Старший сын Сталина Яков Джугашвили стал артиллеристом, а младший, Василий, трудный и болезненный мальчик, хотел быть только летчиком. Более популярной профессии в СССР тридцатых годов не было. Сам Сталин говорил о летчиках в январе 1939 года: «Должен признаться, что я люблю летчиков. Если я узнаю, что какого-нибудь летчика обижают, у меня прямо сердце болит». (Это не спасло от расстрела в 1940–1941 годах многих известных летчиков, воевавших в Испании, и других авиаторов.) «Золотой фонд нации», «сталинские соколы» — эти определения то и дело встречались в советских газетах.
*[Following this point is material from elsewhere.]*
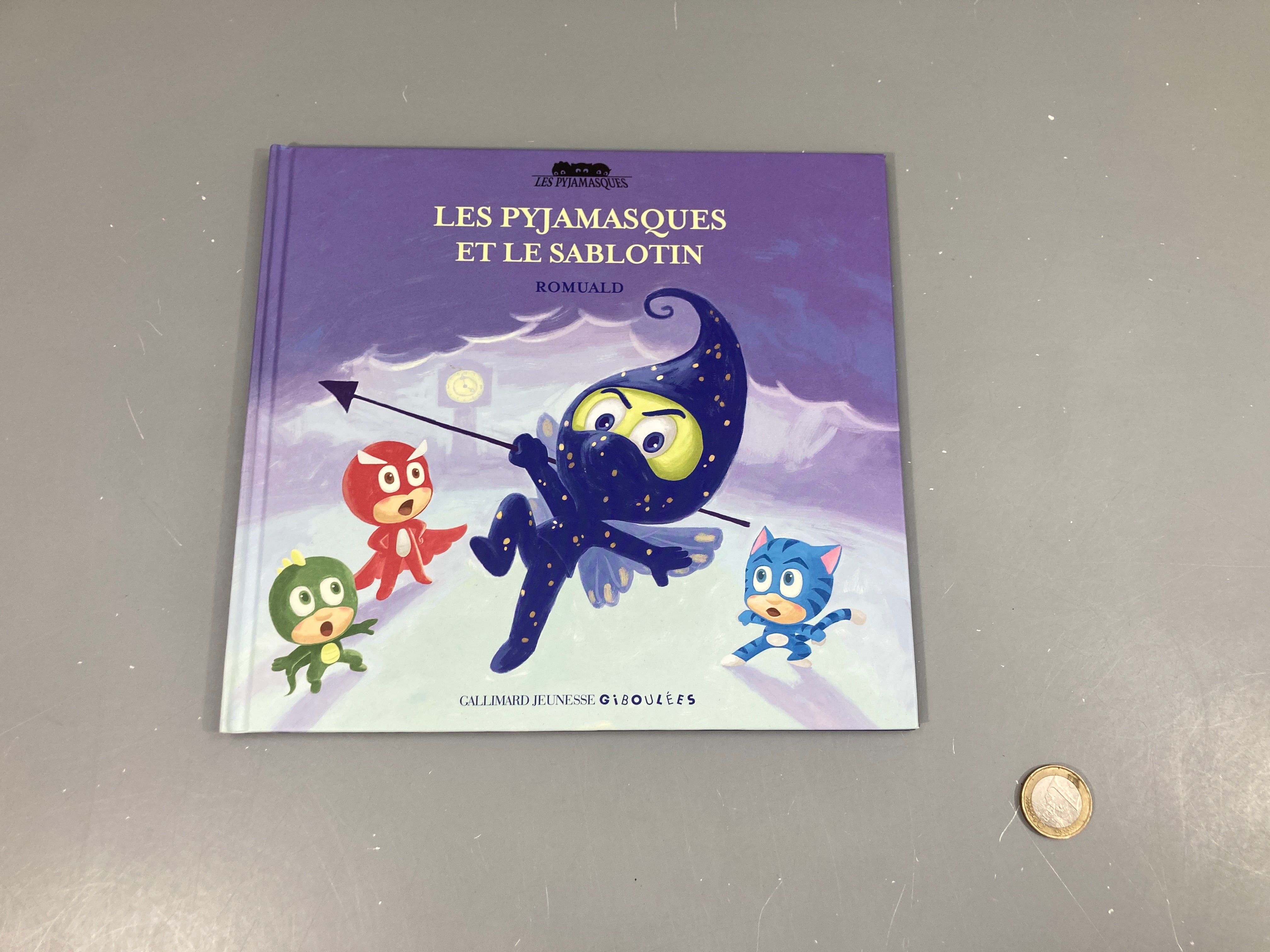 Les pyjamasques et le sablotin, 13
В небо стремились не только люди из простых семей, которых привлекала почетность и привилегии новой профессии. Многие сыновья руководителей страны не желали для себя лучшей участи, чем карьера летчика — разумеется, военного. В Качинском летном училище, которое считалось лучшей летной школой страны, учились в разные годы сын Хрущева Леонид, сын героя революции и ленинского сподвижника Фрунзе Тимур, сын идеолога компартии Емельяна Ярославского Владимир, три сына наркома пищевой промышленности Анастаса Микояна и многие другие.